I hang up the phone and I start crying historically.
My mom pulls into the driveway and grabs my phone. "Go to your room!"
I storm into my room, bawling my eyes out. I grab the hoodie I had stole from Aidan, and jump onto my bed, and grab the bear I had gotten him. It smelled just like him, so I started to cry even more.
I could hear my phone blowing up, and I couldn't answer. Time will go fast if I sleep.. I tried to sleep but the fact Aidan isn't mine haunts me. I get super tired from crying and fall asleep.

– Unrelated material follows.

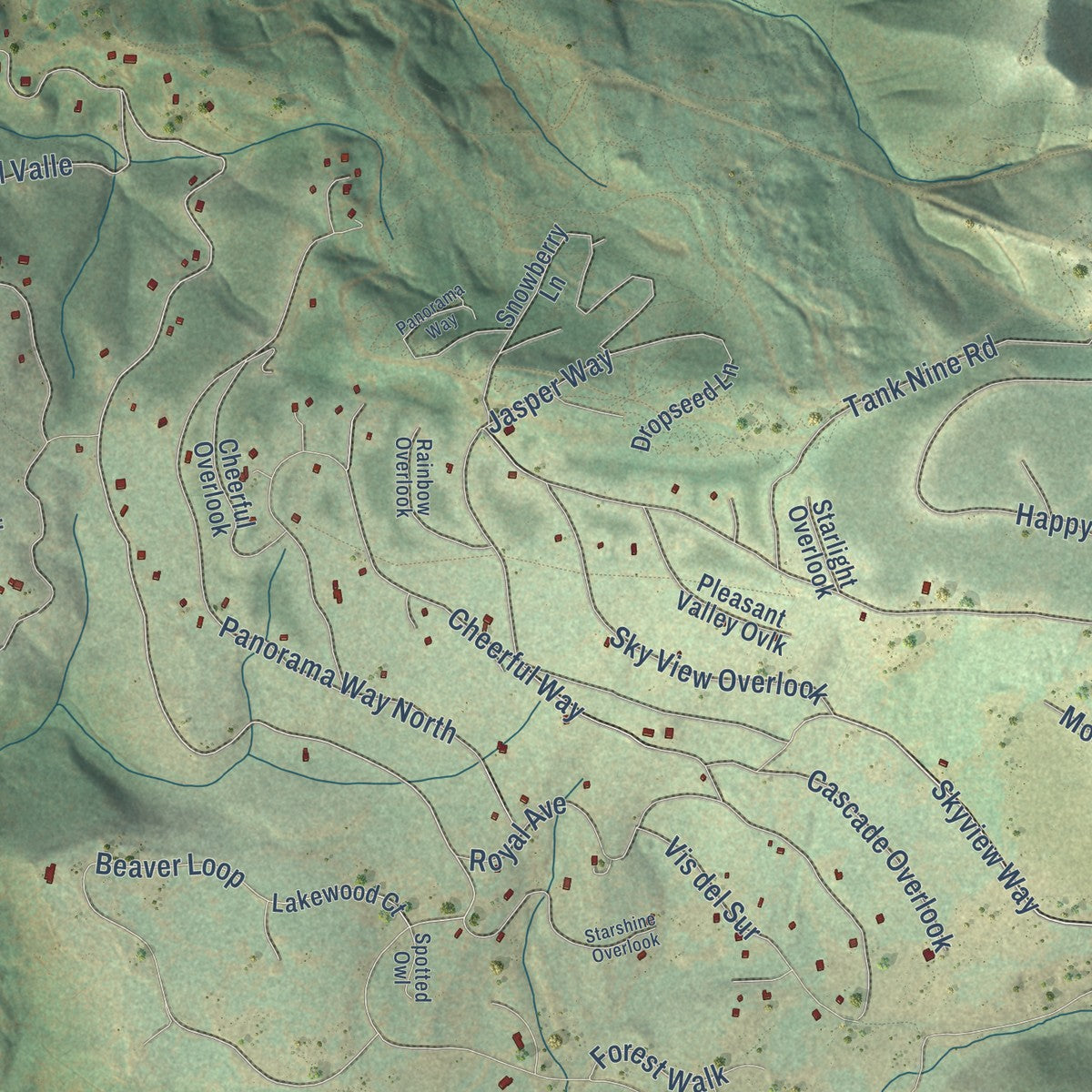 Second close-up of the map of Angel Fire, New Mexico print showing more streets and buildings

I wake up unsure what time it is. I barley stand myself up, and walk into the kitchen to make myself cereal. I look to see the time is 5 a.m. I had fallen asleep probably around 9 p.m, 13 hours of sleep. Walking back into my room, every step I take, more memories come back. Toronto, Amber, Levi, Aidan.. I shut my door, and eat my cereal, exhausted. Each bite I take, reminds me of eating at restaurants. My dream world, faded. I felt like I was the emotion sad. I started crying, and set down my bowl after finishing. Crawling under the blankets to go back to bed.

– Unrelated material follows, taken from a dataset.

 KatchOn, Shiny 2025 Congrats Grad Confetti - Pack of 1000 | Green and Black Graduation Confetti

I wake up and my moms yelling at me to get dressed. I keep Aidans hoodie on and I put on sweatpants. Walking out of the house, into school, through classrooms, I felt eyes on me everywhere, whether it was jealousy, hatred, or disappointment, I felt it. My eyes were red, brighter then red, my mom let me do nothing, how couldn't she expect for me to see a boy ever? I've only had one boyfriend before Aidan, his name was Noah, and he was pretty cute. I realized how horrible he was, and he was abusive, so I broke up with him. That's why I'm not allowed to date.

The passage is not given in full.